PS: Therefore, Marco, if we’re facing that twenty five million pound cut, is it the right time to be borrowing sixty million pounds to fund all the projects that you’ve got on the go?
MC: Well I think you’ve got, you don’t have a choice with the incinerator. If you don’t build .. if this council doesn’t find an alternative for waste management .. when the tips close, where are we going to put the rubbish? Are we going to do what Naples do, and put it on the streets? If we .. you know .. I don’t want to build an incin .. as you know perfectly well, that I am the chairman of Peterborough Renewal Energy.
PS: Yeah well send it there couldn’t we?
MC: Well you might be able to do that and I can’t be involved that. And if that’s the right thing to do, then the council will do that.
PS: Mmm.
MC: But until such time ..
PS: So we don’t need one then?
MC: Yeah well, all I’m saying to you is you have to have one. Because what will happen in 2013, if we as a council do not have an alternative, to waste landfill, we will face anything up to seven million pound a year fines.
PS: Well we will, we’ve have PREL.
MC: Well if you’ve got PREL, and PREL is functioning, that may be an alternative. But it’s not something for me to say, and it’s not something for me to get involved in, at all.
PS: Are you happy with this budget Marco? Are you happy with it?
MC: I am convinced that this budget is an extremely good budget for the city, and it will help us grow this city, and help us avoid some of the problems that other cities will have, because they’ve buried their heads in the sand.
PS: Let’s .. let’s end this on a lighter note. Lucy says: “If we get water-taxis Marco, will that entice Primark here?”

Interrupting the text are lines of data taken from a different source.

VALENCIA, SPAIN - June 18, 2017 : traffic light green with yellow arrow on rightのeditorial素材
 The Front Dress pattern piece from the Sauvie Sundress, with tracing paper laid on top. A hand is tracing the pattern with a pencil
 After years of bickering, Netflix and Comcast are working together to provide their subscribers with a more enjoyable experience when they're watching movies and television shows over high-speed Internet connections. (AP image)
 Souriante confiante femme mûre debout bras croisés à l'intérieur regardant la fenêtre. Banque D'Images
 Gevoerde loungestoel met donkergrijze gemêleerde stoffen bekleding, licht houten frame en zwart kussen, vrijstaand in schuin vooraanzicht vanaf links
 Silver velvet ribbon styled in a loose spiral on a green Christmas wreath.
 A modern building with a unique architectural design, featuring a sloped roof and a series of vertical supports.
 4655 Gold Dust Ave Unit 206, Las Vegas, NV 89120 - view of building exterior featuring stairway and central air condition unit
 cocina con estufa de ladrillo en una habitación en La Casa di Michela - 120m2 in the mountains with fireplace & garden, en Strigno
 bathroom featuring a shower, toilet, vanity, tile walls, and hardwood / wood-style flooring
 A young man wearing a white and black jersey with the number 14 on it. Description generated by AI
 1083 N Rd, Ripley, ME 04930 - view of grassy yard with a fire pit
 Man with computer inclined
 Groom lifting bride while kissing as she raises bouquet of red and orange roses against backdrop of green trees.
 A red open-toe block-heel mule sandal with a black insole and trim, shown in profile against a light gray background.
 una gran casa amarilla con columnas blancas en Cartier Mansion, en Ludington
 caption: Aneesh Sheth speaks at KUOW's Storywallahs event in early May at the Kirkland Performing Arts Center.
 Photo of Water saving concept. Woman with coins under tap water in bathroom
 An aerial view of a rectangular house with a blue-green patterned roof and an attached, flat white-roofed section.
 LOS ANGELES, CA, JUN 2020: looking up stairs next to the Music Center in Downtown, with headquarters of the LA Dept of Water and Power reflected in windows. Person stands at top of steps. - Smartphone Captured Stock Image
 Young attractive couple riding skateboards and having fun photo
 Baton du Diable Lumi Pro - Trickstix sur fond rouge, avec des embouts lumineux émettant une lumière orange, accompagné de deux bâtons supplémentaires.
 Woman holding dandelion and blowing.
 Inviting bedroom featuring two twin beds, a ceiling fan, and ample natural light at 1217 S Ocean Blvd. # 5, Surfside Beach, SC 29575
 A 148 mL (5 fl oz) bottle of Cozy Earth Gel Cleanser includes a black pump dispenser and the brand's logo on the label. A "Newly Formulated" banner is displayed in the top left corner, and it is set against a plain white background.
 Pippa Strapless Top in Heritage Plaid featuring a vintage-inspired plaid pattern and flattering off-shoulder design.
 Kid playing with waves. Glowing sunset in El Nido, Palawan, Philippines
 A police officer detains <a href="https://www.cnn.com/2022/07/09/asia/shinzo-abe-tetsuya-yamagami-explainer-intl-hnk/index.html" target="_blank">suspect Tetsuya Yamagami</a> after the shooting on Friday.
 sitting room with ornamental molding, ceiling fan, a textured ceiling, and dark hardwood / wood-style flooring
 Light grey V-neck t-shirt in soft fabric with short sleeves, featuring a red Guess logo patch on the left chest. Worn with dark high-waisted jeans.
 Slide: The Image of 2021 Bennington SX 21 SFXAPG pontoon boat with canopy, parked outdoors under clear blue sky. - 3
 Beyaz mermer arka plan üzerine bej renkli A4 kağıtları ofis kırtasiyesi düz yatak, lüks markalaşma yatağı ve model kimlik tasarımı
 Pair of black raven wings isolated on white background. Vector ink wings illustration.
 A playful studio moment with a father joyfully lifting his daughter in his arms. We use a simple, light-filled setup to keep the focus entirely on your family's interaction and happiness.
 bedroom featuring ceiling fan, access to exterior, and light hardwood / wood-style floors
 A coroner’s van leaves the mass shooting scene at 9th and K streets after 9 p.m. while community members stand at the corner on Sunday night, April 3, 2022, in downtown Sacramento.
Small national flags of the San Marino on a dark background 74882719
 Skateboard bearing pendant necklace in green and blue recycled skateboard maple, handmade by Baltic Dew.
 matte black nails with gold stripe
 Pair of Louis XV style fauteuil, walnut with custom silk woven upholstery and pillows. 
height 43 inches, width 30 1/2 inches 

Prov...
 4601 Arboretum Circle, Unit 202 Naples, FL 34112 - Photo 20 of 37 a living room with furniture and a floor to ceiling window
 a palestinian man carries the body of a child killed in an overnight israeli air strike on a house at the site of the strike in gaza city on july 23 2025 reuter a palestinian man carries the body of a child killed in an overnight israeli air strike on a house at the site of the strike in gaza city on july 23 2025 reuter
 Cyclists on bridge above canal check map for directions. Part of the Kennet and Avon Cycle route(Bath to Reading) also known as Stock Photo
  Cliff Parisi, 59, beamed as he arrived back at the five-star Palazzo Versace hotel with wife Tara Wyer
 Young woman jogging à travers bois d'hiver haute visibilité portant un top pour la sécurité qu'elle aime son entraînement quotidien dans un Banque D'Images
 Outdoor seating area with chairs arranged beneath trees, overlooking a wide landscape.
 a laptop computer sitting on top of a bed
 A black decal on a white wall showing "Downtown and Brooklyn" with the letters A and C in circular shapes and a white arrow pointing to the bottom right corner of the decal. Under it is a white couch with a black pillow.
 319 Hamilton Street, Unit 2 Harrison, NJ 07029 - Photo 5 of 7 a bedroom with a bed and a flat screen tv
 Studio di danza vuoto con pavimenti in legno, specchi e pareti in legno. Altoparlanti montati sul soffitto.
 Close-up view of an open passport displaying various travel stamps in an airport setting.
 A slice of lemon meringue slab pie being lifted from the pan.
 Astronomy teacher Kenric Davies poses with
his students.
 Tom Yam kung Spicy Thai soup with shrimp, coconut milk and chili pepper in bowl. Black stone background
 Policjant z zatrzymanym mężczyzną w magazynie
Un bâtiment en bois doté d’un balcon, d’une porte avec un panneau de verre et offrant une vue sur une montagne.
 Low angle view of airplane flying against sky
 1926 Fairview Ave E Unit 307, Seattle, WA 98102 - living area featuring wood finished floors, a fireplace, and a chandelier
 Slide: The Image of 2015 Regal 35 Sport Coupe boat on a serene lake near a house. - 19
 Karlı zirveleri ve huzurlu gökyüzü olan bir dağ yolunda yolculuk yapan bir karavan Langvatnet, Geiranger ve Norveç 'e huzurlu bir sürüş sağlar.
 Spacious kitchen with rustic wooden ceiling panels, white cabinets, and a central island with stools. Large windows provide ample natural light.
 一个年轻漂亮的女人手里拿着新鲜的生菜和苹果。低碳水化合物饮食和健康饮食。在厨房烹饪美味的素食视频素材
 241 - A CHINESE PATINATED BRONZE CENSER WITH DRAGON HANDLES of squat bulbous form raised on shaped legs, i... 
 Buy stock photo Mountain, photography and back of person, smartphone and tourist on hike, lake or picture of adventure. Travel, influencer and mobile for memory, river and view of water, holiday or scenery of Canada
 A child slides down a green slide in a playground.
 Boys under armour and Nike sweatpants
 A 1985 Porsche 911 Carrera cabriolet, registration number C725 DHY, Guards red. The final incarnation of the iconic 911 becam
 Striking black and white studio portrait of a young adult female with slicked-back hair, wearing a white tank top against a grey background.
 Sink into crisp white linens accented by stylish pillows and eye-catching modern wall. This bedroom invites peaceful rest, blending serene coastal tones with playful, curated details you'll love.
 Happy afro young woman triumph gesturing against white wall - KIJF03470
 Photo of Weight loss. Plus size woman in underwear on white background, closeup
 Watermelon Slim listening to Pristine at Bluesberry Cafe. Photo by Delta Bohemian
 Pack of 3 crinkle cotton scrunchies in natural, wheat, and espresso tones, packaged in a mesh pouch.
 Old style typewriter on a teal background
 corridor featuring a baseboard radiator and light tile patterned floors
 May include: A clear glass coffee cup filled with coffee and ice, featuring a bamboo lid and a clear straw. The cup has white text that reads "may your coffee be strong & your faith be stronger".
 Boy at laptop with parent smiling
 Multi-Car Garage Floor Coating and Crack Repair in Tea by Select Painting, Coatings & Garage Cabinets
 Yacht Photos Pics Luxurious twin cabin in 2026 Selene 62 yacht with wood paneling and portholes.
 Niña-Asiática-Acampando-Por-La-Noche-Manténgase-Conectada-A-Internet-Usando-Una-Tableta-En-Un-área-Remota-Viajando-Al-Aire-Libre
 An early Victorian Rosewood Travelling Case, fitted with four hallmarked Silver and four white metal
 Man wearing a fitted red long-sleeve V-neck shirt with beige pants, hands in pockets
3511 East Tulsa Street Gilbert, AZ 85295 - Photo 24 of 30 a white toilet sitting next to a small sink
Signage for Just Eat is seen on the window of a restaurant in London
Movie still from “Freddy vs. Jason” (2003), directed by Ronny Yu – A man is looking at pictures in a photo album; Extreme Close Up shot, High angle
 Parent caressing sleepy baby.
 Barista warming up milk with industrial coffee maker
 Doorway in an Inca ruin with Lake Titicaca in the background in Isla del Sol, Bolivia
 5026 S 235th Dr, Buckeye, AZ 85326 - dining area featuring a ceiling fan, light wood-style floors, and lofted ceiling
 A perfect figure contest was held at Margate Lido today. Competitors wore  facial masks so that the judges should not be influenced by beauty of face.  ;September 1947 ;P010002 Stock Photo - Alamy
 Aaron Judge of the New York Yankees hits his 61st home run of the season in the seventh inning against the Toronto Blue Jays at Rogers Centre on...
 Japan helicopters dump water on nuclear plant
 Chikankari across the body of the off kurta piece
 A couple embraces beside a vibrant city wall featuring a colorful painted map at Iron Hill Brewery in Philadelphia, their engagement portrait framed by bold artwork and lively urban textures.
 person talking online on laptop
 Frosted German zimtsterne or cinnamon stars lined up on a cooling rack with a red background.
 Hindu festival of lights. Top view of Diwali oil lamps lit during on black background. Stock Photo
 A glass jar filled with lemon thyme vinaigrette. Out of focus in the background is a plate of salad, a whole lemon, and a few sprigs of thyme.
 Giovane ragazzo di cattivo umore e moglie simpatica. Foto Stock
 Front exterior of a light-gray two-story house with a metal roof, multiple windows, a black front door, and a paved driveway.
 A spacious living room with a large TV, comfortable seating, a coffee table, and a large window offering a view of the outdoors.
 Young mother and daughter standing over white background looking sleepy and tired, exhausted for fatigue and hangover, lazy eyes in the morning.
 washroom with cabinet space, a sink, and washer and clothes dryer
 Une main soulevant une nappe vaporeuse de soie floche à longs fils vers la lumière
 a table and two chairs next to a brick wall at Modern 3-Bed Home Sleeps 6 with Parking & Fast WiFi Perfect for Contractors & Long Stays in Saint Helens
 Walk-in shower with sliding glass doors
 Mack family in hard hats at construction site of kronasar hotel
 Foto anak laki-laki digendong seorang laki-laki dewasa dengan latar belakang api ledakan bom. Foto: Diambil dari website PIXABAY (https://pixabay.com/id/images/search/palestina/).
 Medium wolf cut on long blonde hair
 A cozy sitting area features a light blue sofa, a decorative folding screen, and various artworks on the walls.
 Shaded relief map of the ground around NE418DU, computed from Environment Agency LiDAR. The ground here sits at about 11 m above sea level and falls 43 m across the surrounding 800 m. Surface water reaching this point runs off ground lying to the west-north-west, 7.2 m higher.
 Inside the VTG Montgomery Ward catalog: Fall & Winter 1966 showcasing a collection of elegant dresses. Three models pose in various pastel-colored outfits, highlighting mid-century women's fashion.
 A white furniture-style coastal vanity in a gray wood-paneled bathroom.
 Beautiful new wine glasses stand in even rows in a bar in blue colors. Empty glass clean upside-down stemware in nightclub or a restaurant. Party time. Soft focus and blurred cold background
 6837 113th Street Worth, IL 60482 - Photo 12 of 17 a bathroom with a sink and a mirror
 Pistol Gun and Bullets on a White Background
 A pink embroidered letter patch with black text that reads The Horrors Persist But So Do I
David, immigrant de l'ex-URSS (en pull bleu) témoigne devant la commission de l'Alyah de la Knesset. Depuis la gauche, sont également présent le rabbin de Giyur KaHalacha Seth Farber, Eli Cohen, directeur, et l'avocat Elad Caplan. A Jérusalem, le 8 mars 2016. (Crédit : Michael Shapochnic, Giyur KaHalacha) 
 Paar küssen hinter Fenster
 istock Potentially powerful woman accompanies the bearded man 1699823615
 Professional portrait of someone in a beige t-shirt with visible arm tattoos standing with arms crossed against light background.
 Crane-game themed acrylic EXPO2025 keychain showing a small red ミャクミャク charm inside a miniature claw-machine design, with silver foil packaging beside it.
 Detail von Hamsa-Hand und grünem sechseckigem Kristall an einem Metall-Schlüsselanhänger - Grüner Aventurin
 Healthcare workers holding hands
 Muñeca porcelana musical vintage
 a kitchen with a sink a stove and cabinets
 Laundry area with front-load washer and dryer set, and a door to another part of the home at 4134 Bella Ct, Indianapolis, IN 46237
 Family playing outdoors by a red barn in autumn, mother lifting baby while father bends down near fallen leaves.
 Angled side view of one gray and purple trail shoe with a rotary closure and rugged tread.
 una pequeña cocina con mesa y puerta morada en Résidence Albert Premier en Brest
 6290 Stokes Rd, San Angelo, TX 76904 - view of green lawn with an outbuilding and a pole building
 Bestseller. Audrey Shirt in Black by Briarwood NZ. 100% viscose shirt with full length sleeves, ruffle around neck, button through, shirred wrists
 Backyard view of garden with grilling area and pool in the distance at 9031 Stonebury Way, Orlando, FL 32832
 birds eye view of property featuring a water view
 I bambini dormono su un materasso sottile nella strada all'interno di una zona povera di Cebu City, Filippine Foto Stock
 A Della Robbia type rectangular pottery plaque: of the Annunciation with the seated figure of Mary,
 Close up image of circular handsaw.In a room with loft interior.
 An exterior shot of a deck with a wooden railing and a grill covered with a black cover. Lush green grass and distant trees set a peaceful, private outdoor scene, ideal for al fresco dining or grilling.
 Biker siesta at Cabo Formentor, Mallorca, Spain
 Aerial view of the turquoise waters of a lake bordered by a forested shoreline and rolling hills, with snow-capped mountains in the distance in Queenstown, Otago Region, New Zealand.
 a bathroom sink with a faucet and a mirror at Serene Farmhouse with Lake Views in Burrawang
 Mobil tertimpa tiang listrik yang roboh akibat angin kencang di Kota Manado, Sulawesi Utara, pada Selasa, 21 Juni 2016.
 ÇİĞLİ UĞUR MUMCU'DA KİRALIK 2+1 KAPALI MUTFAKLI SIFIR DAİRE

MC: (Laughs) May very well be. That’s just the sort of thing that businesses do want to see, in order to come into our city.
PS: Tell them it’s coming.
MC: (Laughs)
PS: They were all expecting it in Woolies.
MC: Well, you know, it’s only down the side of the river, you know, you’ll be able to come in and out the side of town on the water-taxi and walk across to Primark, if they come.
PS: Mmm. He’s Marco Cereste. He’s the leader of Peterborough city council, and fair play to him, he comes on and fronts up doesn’t he. And does his best to answer the questions, whether you agree with him or disagree with him.